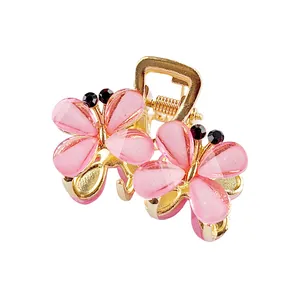 Molla per capelli dorata con farfalle di strass rosa sfumato per acconciature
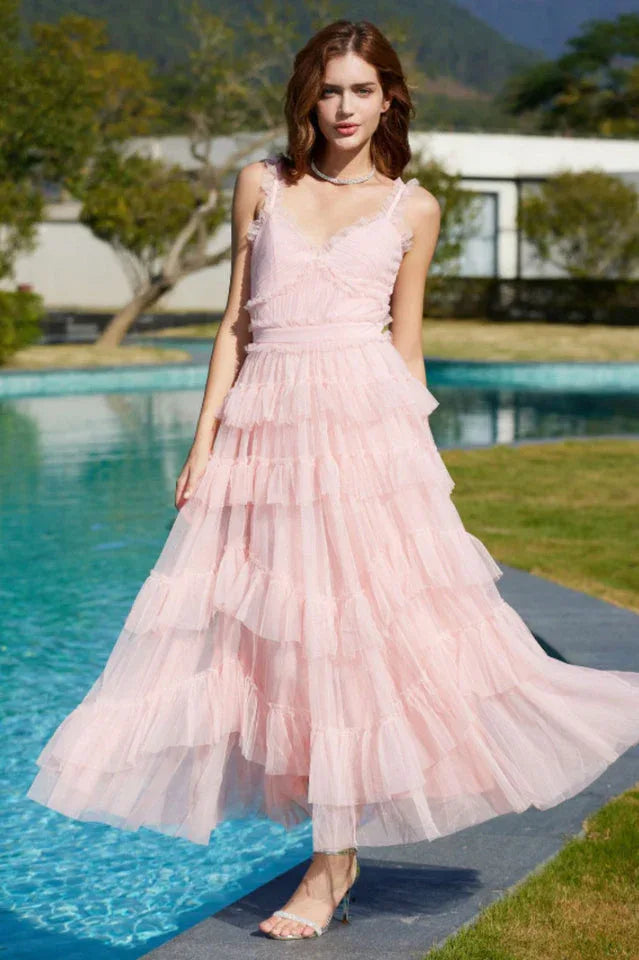 Woman wearing a light pink tiered tulle dress with thin straps and a v-neckline, standing by a pool.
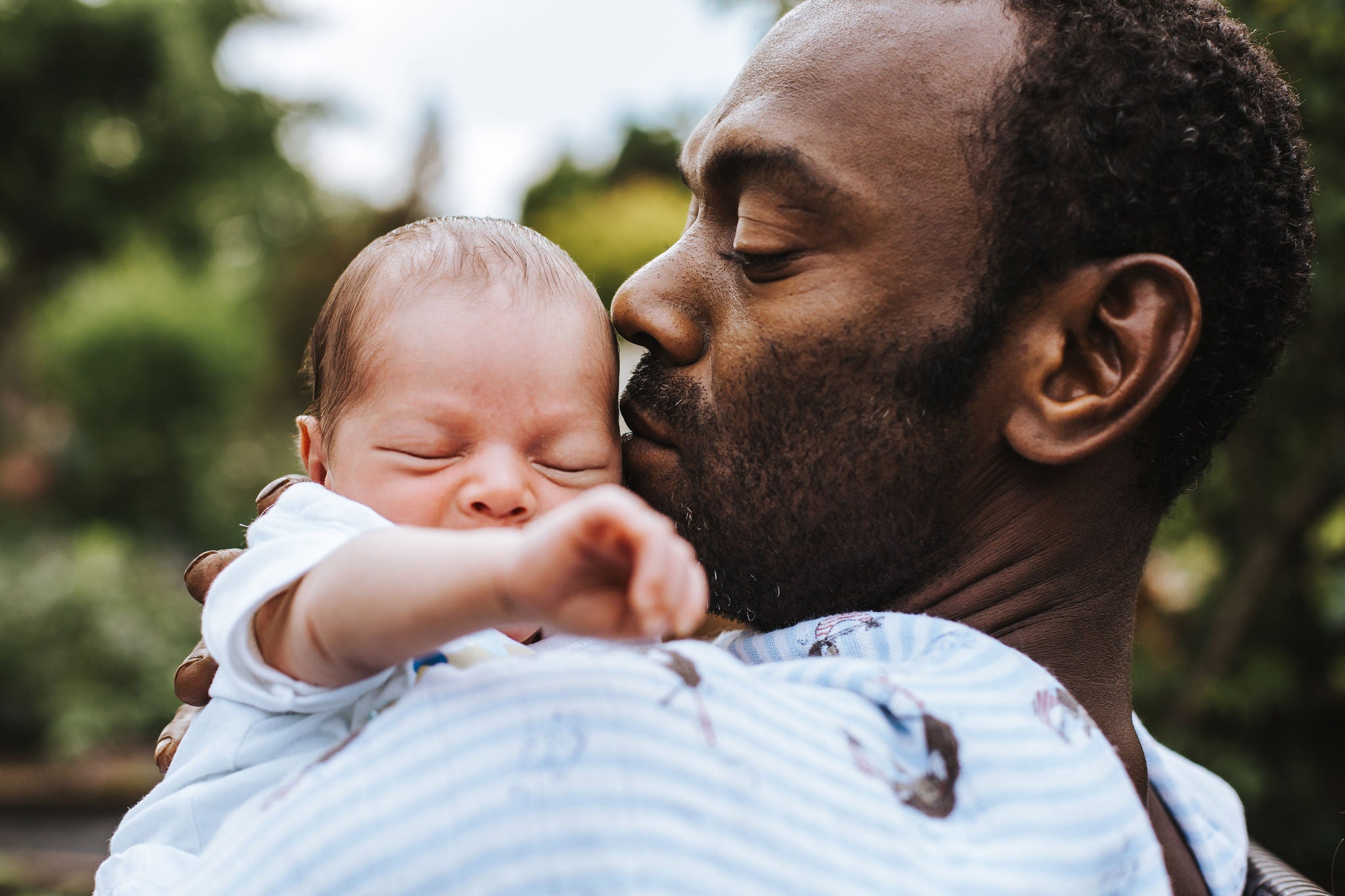 black father kissing his mixed race baby boy on the cheek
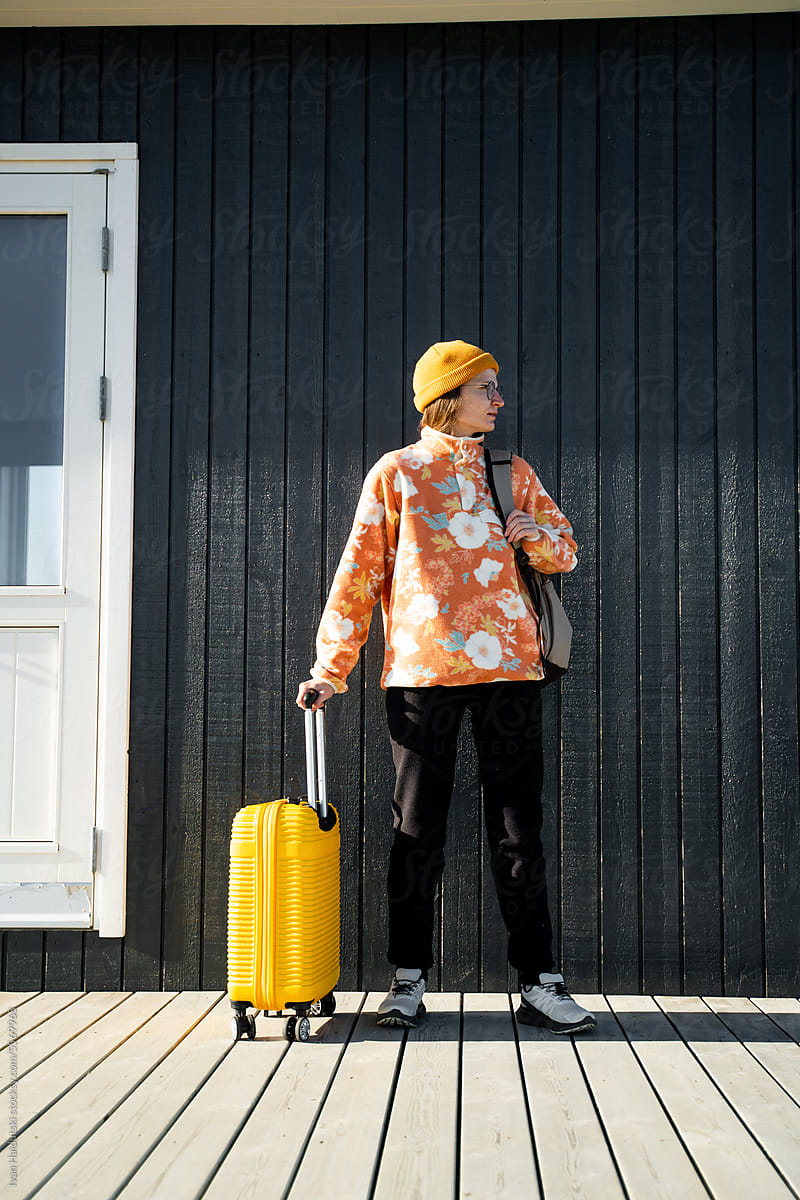 Stylish traveler, yellow hat, eco hotel, ready for a nature road trip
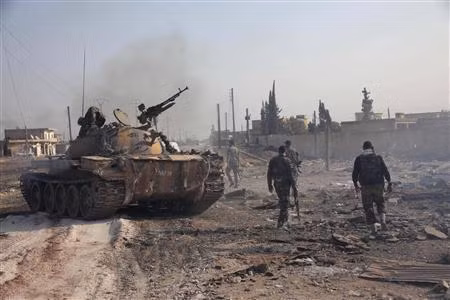Lực lượng ủng hộ Tổng thống Bashar al-Assad sau một trận giao tranh tại Aleppo.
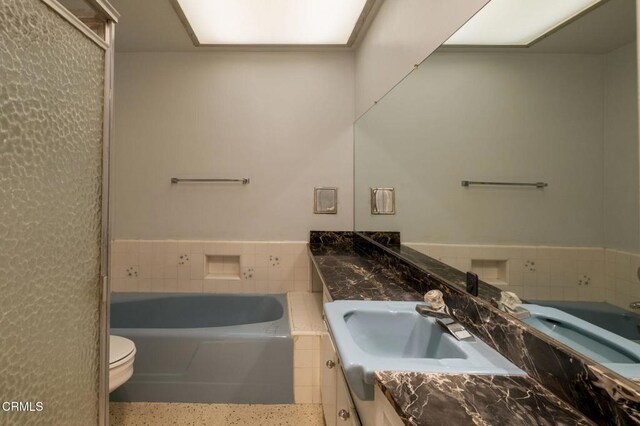 1000 Cordova St Unit 103, Pasadena, CA 91106 - full bathroom featuring vanity, a bath, speckle patterned floor, and toilet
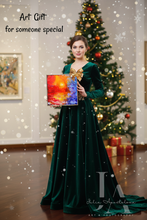 Woman in a green dress holding a colorful painting with a Christmas tree in the background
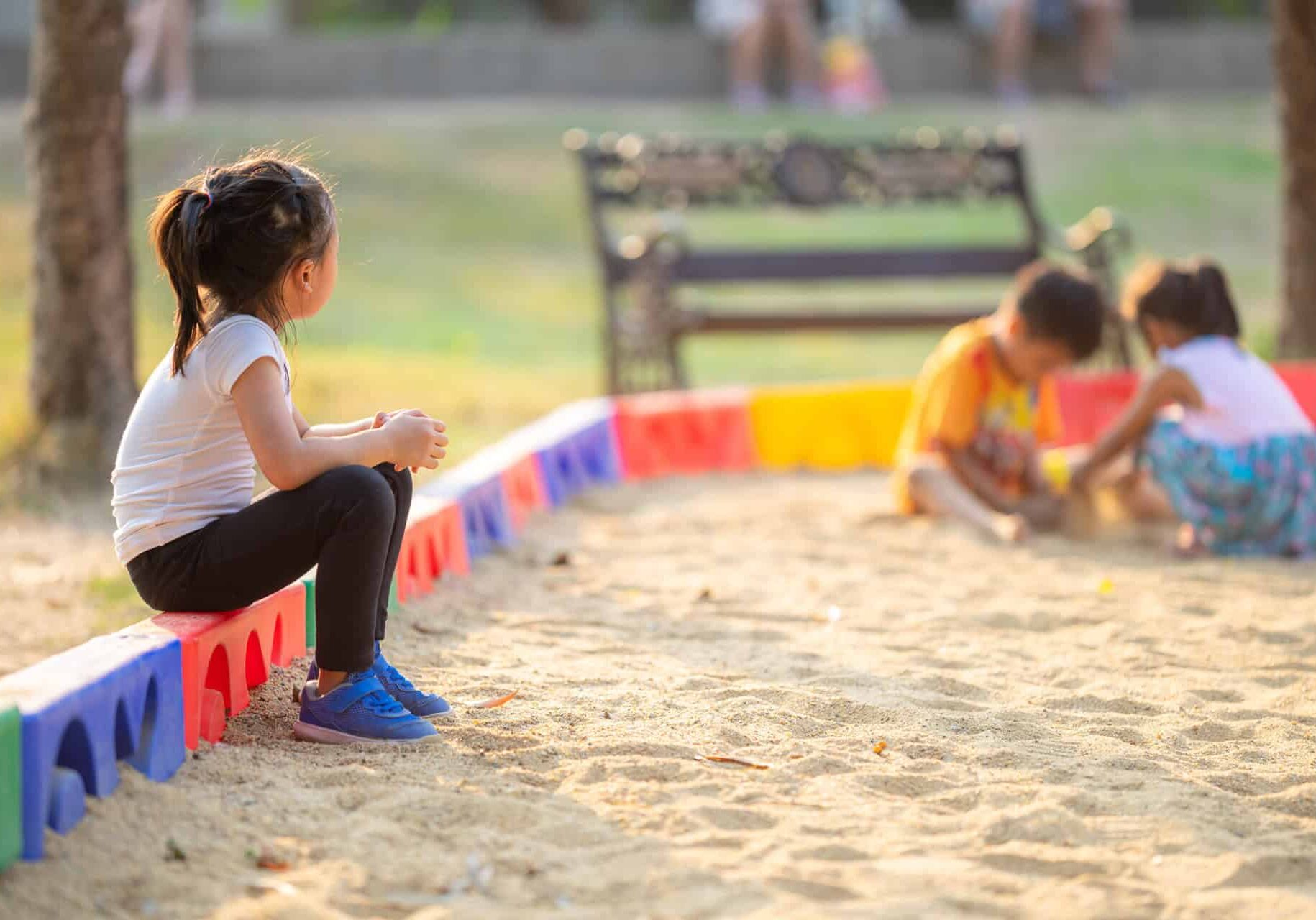 Little,Girl,Sitting,Lonely,Watching,Friends,Play,At,The,Playground.the
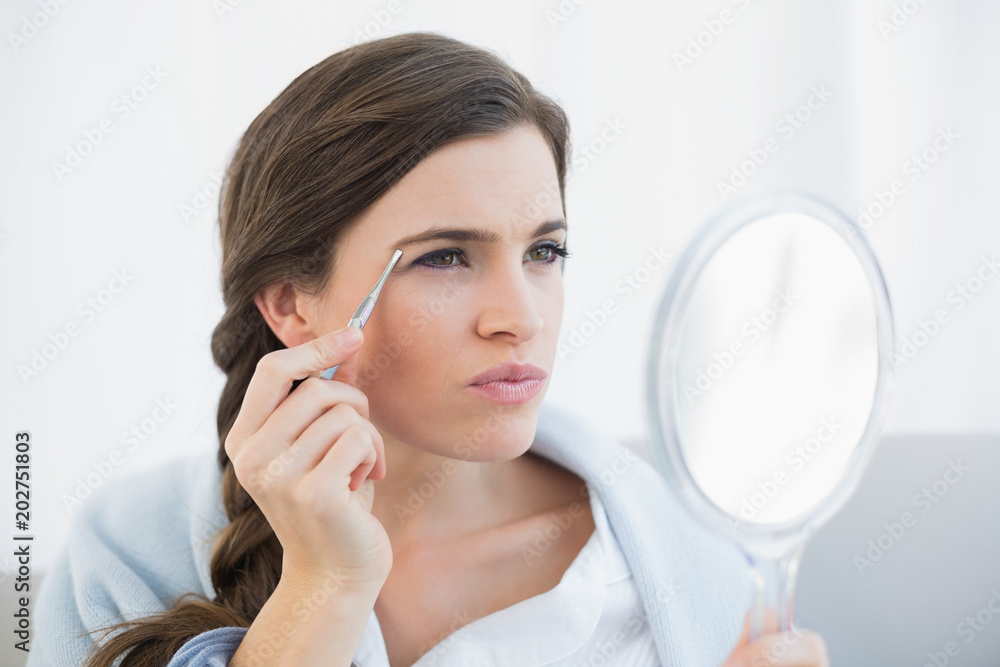 Concentrated casual brown haired woman in white pajamas plucking her eyebrows Concentrated casual brown haired woman in white pajamas plucking her eyebrows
━━━━
* **WHAT THE TASK REQUIRES**: Begin with the first line of the entries above and write out each line exactly, ending with the line containing "1000 Cordova St". Leave out pictures.

* **TASK RESULT**:
 Molla per capelli dorata con farfalle di strass rosa sfumato per acconciature
 Woman wearing a light pink tiered tulle dress with thin straps and a v-neckline, standing by a pool.
 black father kissing his mixed race baby boy on the cheek
 Stylish traveler, yellow hat, eco hotel, ready for a nature road trip
Lực lượng ủng hộ Tổng thống Bashar al-Assad sau một trận giao tranh tại Aleppo.
 1000 Cordova St Unit 103, Pasadena, CA 91106 - full bathroom featuring vanity, a bath, speckle patterned floor, and toilet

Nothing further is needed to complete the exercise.